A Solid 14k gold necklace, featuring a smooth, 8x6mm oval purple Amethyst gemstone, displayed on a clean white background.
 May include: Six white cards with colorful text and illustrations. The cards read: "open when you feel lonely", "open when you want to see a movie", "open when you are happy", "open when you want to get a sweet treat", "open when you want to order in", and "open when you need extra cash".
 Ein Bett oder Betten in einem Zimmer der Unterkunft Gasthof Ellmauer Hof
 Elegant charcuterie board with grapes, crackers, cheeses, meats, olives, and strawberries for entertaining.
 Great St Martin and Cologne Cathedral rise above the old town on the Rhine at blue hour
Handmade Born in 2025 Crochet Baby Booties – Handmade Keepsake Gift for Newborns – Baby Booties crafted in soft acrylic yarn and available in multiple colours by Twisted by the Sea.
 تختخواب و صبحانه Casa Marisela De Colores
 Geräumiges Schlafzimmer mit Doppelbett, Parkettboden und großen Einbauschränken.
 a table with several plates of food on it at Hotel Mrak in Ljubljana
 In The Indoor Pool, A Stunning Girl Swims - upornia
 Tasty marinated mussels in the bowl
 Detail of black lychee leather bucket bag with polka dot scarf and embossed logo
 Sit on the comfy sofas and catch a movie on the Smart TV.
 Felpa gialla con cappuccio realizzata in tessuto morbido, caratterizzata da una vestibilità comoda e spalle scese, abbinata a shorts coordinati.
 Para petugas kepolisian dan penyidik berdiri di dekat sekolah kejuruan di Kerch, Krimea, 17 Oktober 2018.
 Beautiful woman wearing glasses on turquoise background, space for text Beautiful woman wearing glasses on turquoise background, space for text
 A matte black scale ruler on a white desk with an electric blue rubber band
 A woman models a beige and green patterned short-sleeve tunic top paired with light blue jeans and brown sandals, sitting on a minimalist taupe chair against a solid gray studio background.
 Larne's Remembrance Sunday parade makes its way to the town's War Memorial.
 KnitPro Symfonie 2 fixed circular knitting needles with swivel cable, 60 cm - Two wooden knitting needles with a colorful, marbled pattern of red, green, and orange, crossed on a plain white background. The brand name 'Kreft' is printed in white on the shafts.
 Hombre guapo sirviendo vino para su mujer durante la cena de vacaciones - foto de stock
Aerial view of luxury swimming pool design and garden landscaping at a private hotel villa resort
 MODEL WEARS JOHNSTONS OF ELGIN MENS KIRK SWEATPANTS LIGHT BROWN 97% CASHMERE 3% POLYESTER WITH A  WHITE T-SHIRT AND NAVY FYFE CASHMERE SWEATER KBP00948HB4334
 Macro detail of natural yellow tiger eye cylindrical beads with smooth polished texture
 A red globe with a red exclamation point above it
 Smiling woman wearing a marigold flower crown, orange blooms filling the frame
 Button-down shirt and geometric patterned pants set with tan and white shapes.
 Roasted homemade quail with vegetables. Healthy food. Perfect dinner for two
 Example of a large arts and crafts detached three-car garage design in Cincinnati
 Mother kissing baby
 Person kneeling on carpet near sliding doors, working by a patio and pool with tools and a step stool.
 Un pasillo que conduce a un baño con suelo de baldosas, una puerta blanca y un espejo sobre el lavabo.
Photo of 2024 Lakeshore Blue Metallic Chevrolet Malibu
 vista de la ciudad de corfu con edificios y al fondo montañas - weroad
== == ==
### Task statement
Please write out, exactly as they appear above, only the lines in the stretch from the line with "Para petugas kepolisian" through the line with "A matte black".

### Reply to the exercise
 Para petugas kepolisian dan penyidik berdiri di dekat sekolah kejuruan di Kerch, Krimea, 17 Oktober 2018.
 Beautiful woman wearing glasses on turquoise background, space for text Beautiful woman wearing glasses on turquoise background, space for text
 A matte black scale ruler on a white desk with an electric blue rubber band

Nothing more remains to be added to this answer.